What can I do about PFAS in cosmetics? How can we as a community solve this problem, together ?
These past 3 weeks, I have been preparing a workshop for my film union local IATSE 891. The subject is the toxicity of ingredients in the beauty business and the importance for makeup artists to know more than their clients.
The conclusion I have reached after looking at both clean and mainstream formulations is this: even with the challenges of organic fluorine, Sappho is still cleaner than most, if not all, mainstream offerings and often cleaner than competitors in our space. I know for certain we are more transparent. I know for certain we offer performance.
There are a lot of challenges and changes in the clean beauty space as science gets more exacting. As companies learn more about PFAS, plastics and how to create safer alternatives, our world will get better.
Thanks for your ongoing support. We will keep you posted.

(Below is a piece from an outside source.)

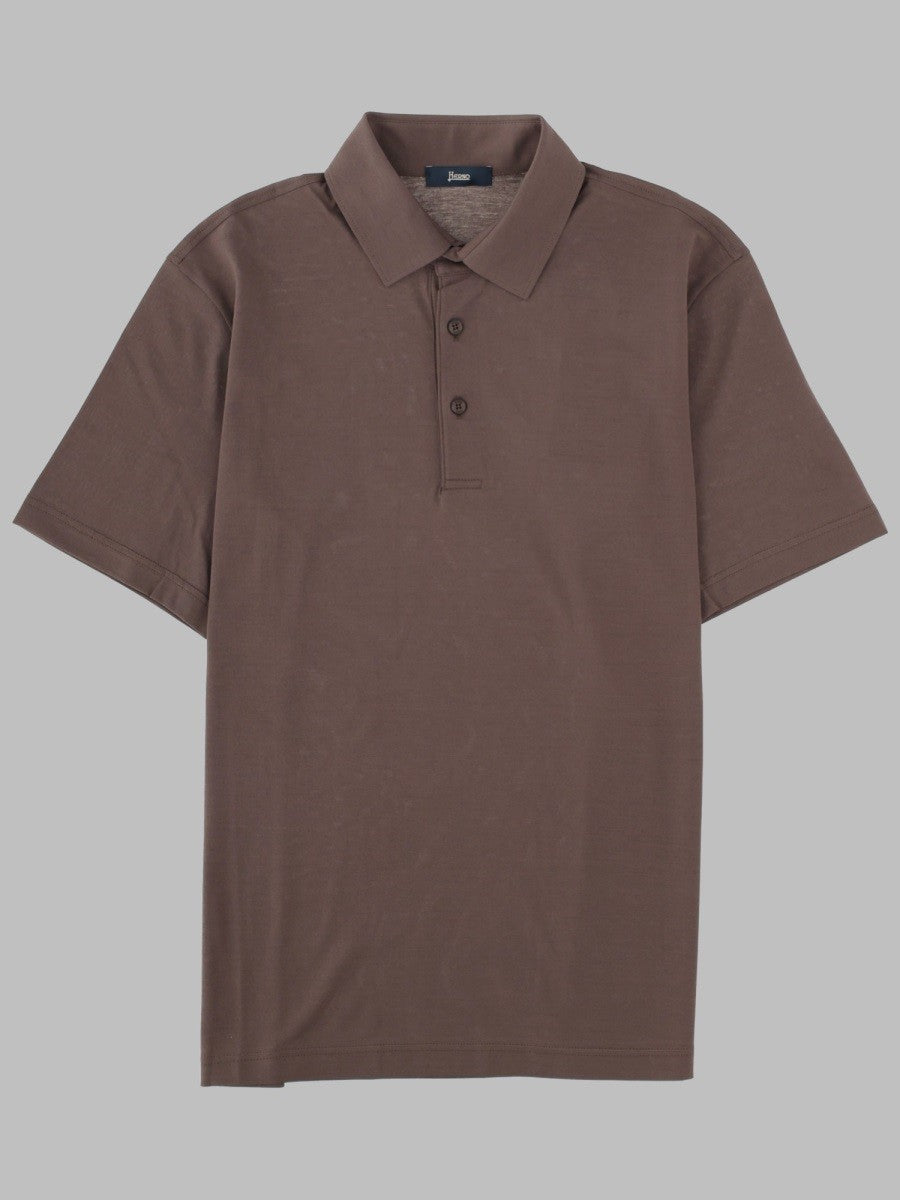 Herno Men's Polo in Cotone Brown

* The city known as Vancouver, BC, is on the ancestral, unceded and occupied territories of the xʷməθkʷəy̓əm (Musqueam), Skwxwú7mesh (Squamish), and səlilwətaɬ (Tsleil-Watuth) nations of the Coast Salish peoples, whose relationship with the land is ancient, primary, and enduring. We acknowledge our deep privilege to be here, living and operating as uninvited guests on their land.
We realize that this acknowledgement is a very small part of cultivating strong relationships with the First Peoples of Canada. It is a necessary step, and we as settlers continue the life-long process of learning.